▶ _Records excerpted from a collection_
+++++

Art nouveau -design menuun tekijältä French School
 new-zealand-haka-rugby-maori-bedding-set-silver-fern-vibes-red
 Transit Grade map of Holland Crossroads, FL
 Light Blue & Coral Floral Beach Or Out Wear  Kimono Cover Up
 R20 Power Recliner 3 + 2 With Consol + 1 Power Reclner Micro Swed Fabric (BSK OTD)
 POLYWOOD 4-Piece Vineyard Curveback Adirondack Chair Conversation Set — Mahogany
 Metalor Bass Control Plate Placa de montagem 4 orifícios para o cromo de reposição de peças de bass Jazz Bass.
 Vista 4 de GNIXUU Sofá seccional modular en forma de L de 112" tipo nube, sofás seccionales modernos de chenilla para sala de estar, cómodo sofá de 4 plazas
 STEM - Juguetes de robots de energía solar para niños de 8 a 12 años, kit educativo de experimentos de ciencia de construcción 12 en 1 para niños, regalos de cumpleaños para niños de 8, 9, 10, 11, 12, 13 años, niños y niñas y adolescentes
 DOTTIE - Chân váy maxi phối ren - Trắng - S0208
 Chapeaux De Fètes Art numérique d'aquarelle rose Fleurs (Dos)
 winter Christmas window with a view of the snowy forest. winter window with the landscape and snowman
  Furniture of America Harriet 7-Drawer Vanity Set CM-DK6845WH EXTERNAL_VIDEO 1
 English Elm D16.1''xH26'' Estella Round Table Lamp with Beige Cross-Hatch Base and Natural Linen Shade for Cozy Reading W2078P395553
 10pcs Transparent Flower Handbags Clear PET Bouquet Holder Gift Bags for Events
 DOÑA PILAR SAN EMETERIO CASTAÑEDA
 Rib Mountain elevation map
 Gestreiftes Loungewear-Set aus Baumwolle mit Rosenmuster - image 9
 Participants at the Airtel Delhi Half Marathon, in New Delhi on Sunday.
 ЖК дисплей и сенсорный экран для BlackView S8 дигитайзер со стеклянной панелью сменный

+++++

▶ _PROMPT_
Both the line containing "Metalor Bass Control" and the line containing "winter Christmas window" belong in the answer. Print them and every line above that falls between them exactly, and no others.

▶ _PROBLEM SOLUTION_
 Metalor Bass Control Plate Placa de montagem 4 orifícios para o cromo de reposição de peças de bass Jazz Bass.
 Vista 4 de GNIXUU Sofá seccional modular en forma de L de 112" tipo nube, sofás seccionales modernos de chenilla para sala de estar, cómodo sofá de 4 plazas
 STEM - Juguetes de robots de energía solar para niños de 8 a 12 años, kit educativo de experimentos de ciencia de construcción 12 en 1 para niños, regalos de cumpleaños para niños de 8, 9, 10, 11, 12, 13 años, niños y niñas y adolescentes
 DOTTIE - Chân váy maxi phối ren - Trắng - S0208
 Chapeaux De Fètes Art numérique d'aquarelle rose Fleurs (Dos)
 winter Christmas window with a view of the snowy forest. winter window with the landscape and snowman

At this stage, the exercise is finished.